* **PROBLEM REQUIREMENTS**: Please repeat exactly the lines below from the one containing "The One And" down to the one containing "Osseointegrative surgical implant", both included, and nothing else.

* **ENTRIES SHOWN**:

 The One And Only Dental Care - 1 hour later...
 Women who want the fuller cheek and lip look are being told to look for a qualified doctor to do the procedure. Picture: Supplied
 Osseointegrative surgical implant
---
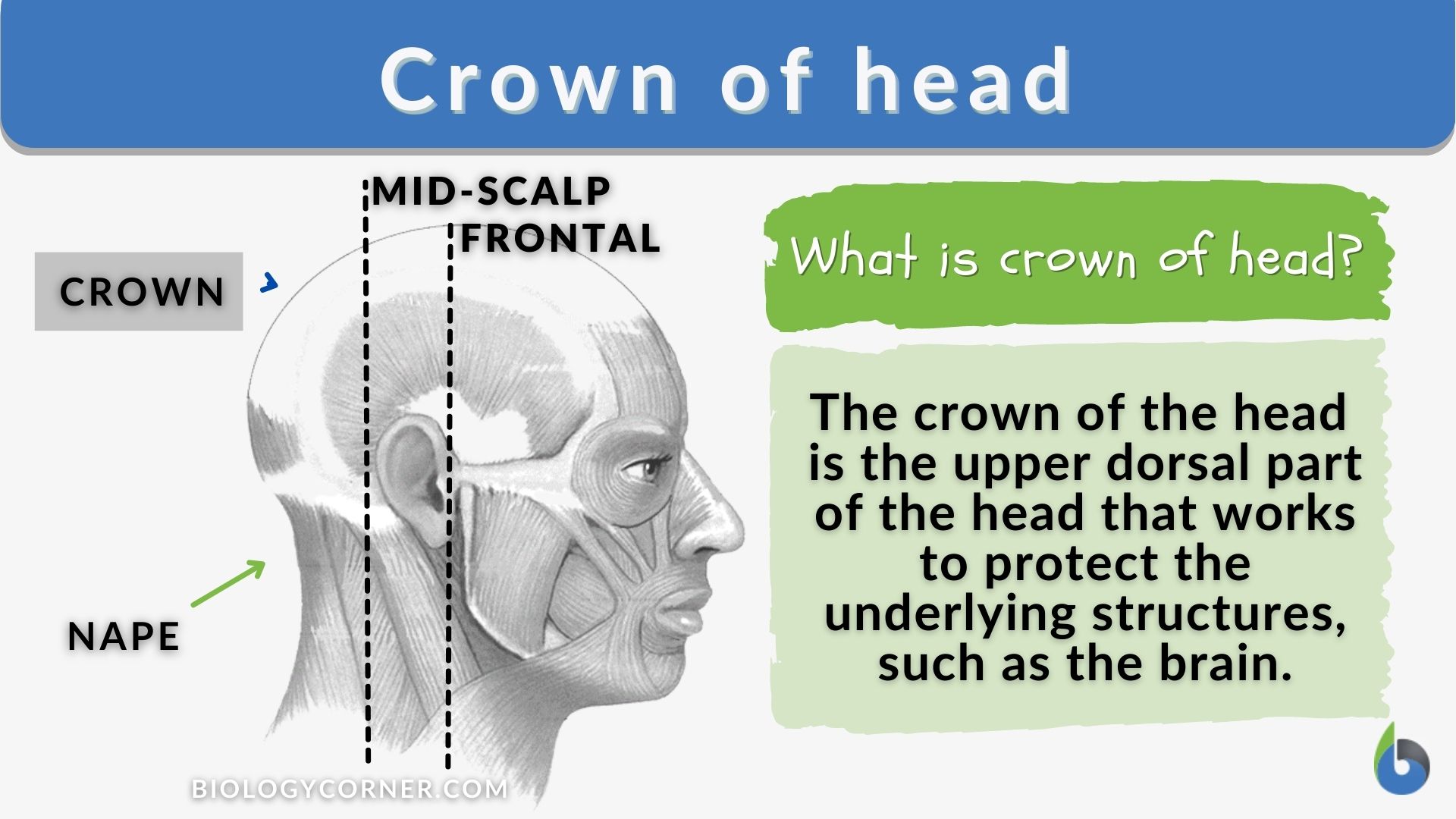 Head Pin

* **OUTPUT**:
 The One And Only Dental Care - 1 hour later...
 Women who want the fuller cheek and lip look are being told to look for a qualified doctor to do the procedure. Picture: Supplied
 Osseointegrative surgical implant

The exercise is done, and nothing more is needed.